### [Directions]
Every record is to be printed exactly as written, and any picture in it is skipped.

[Items from a data source]
• • • •

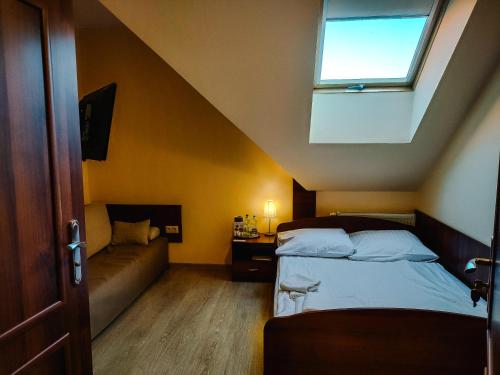 a bedroom with a bed and a window and a couch at Hotel Viwaldi in Baruchowo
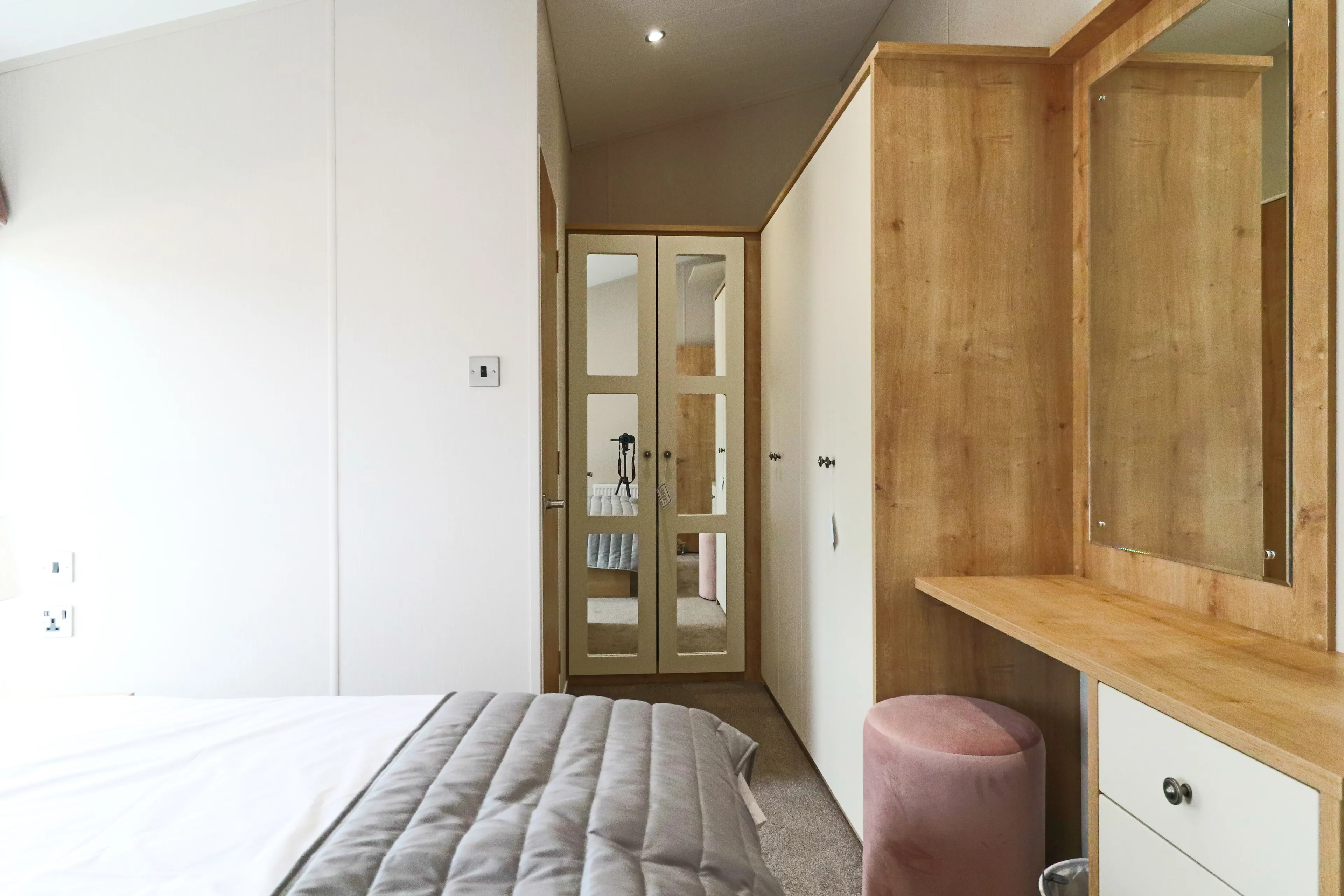Modern bedroom with mirrored wardrobe doors, built-in dressing table and pink stool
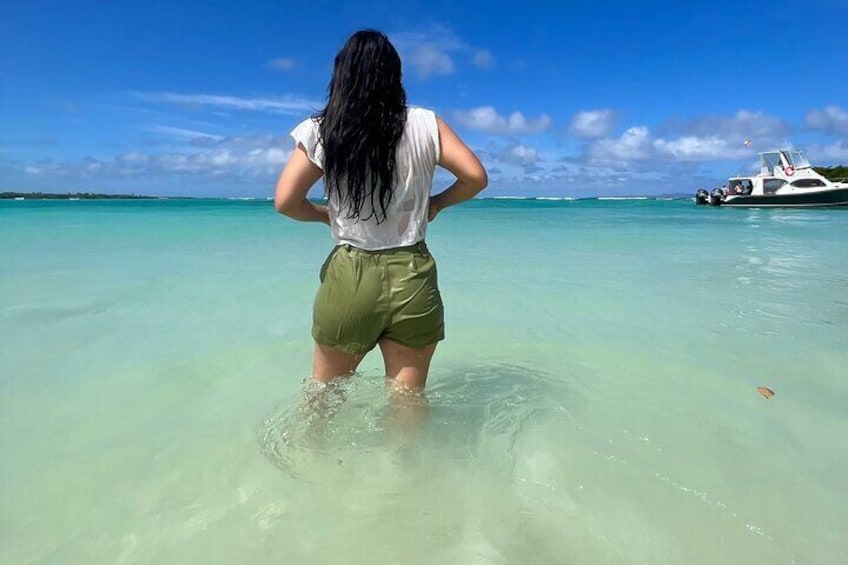 A person standing in shallow water with a boat in the background. 3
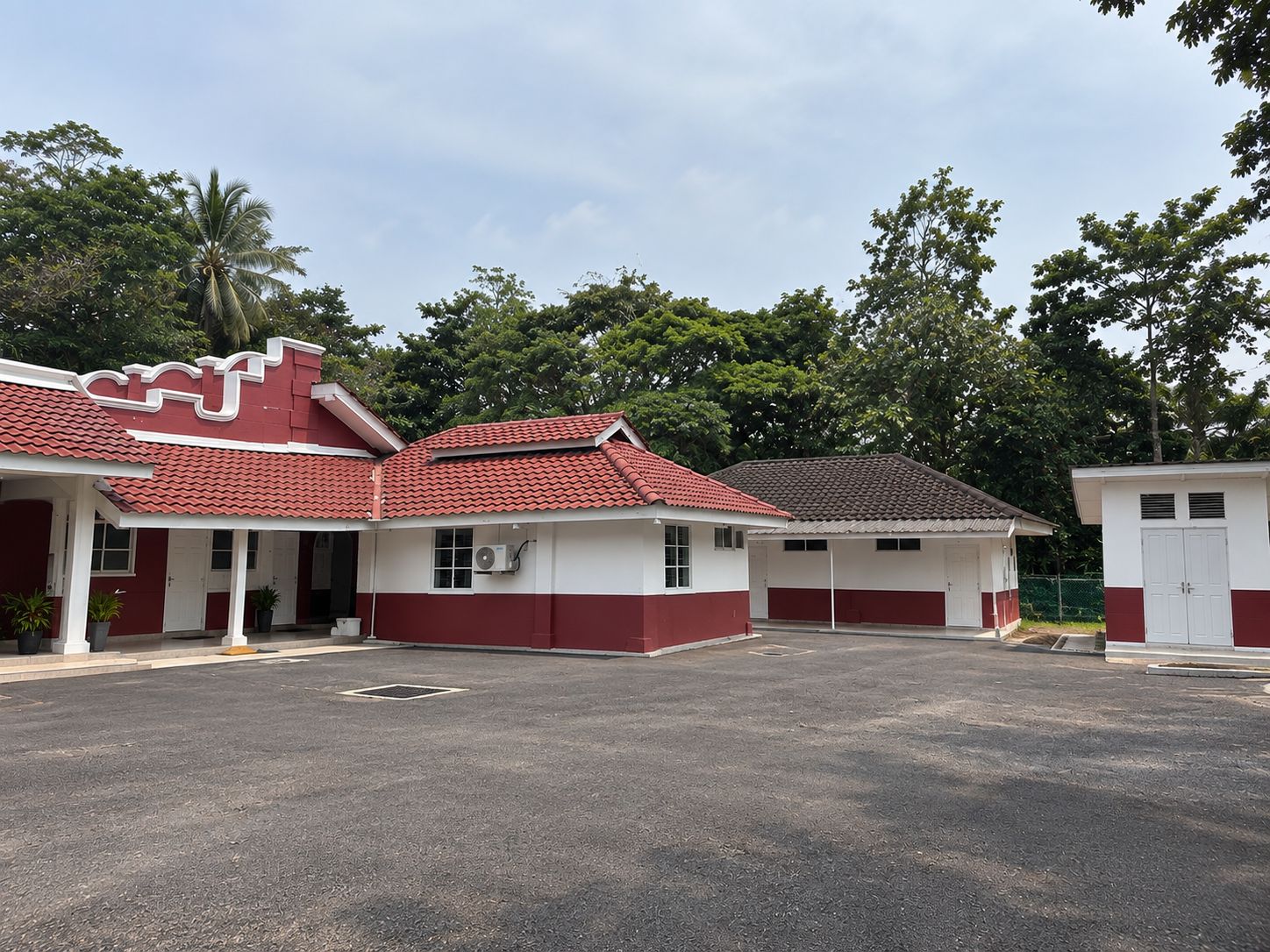 A building with a red and white color scheme, multiple doors, and a parking area in front.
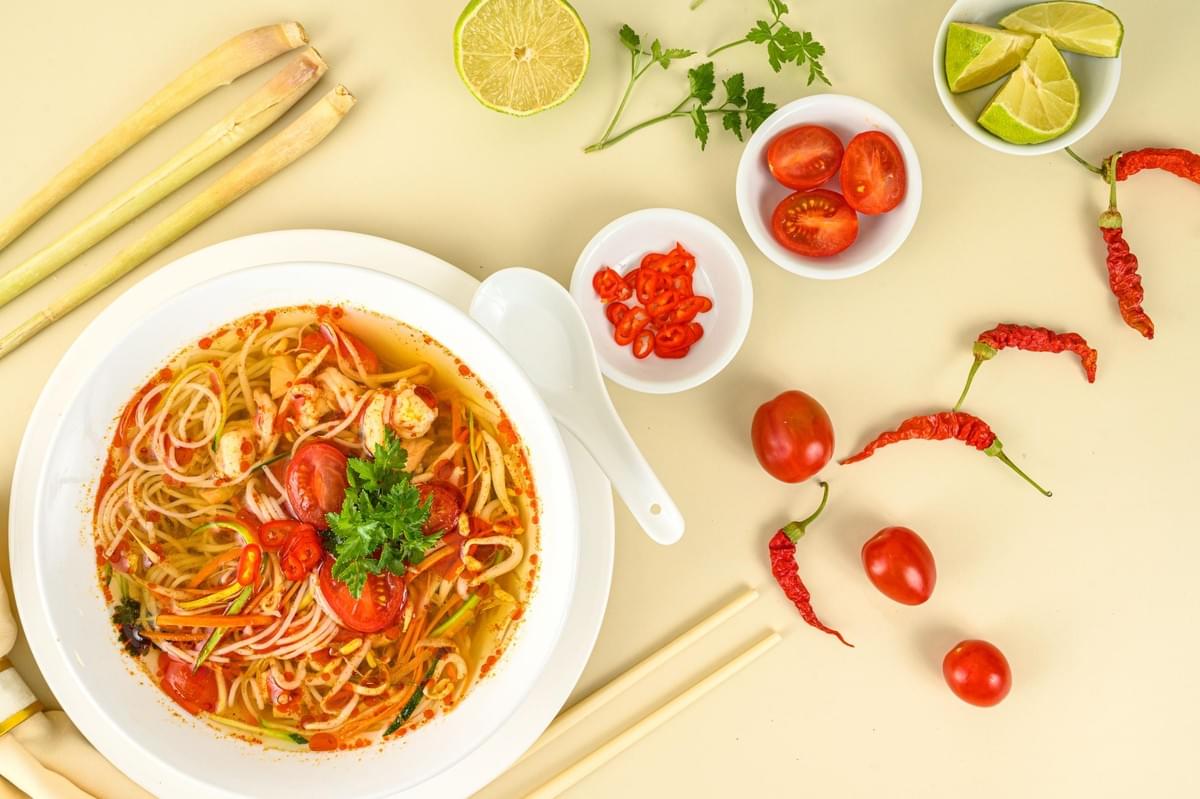 A top-down view of a bowl of spicy noodle soup garnished with fresh herbs, sliced tomatoes, and chilies. Surrounding the bowl on a light yellow background are fresh ingredients, including lemongrass stalks, lime wedges, cherry tomatoes, and red chili peppers. A top-down view of a bowl of spicy noodle soup garnished with fresh herbs, sliced tomatoes, and chilies. Surrounding the bowl on a light yellow background are fresh ingredients, including lemongrass stalks, lime wedges, cherry tomatoes, and red chili peppers.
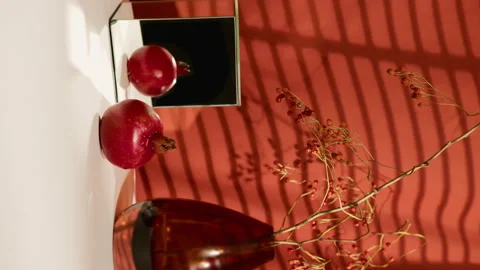 Still life with grapefruit, mirror cube, vase with dried flowers, red cloth with Stock Footage 197816705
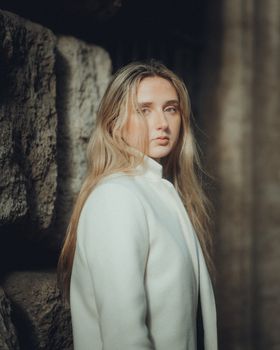A blonde woman poses stylishly by an ancient stone wall, exuding elegance and grace.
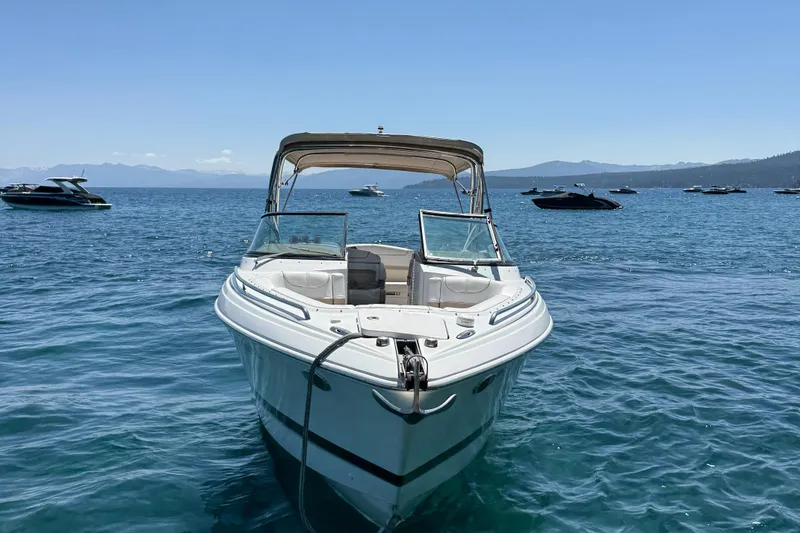 Slide: The Image of 2013 Formula 290 Bowrider on a serene lake with distant boats and mountains. - 4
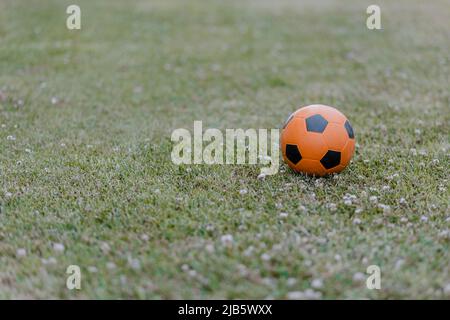 Palla di calcio sull'erba. Sfera arancione Foto Stock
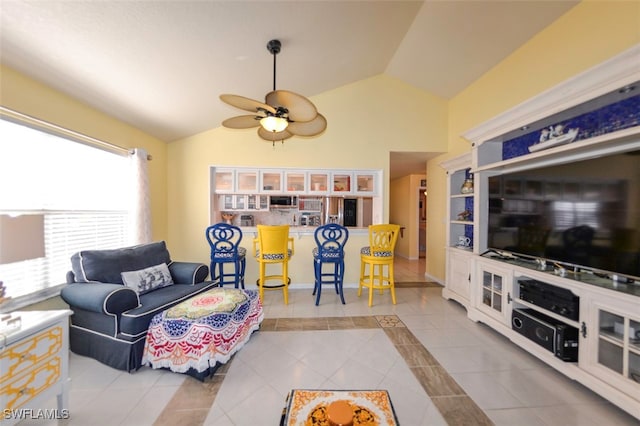 tiled living room featuring ceiling fan and lofted ceiling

• • • •

### [Answer box]
 a bedroom with a bed and a window and a couch at Hotel Viwaldi in Baruchowo
Modern bedroom with mirrored wardrobe doors, built-in dressing table and pink stool
 A person standing in shallow water with a boat in the background. 3
 A building with a red and white color scheme, multiple doors, and a parking area in front.
 A top-down view of a bowl of spicy noodle soup garnished with fresh herbs, sliced tomatoes, and chilies. Surrounding the bowl on a light yellow background are fresh ingredients, including lemongrass stalks, lime wedges, cherry tomatoes, and red chili peppers. A top-down view of a bowl of spicy noodle soup garnished with fresh herbs, sliced tomatoes, and chilies. Surrounding the bowl on a light yellow background are fresh ingredients, including lemongrass stalks, lime wedges, cherry tomatoes, and red chili peppers.
 Still life with grapefruit, mirror cube, vase with dried flowers, red cloth with Stock Footage 197816705
A blonde woman poses stylishly by an ancient stone wall, exuding elegance and grace.
 Slide: The Image of 2013 Formula 290 Bowrider on a serene lake with distant boats and mountains. - 4
 Palla di calcio sull'erba. Sfera arancione Foto Stock
 tiled living room featuring ceiling fan and lofted ceiling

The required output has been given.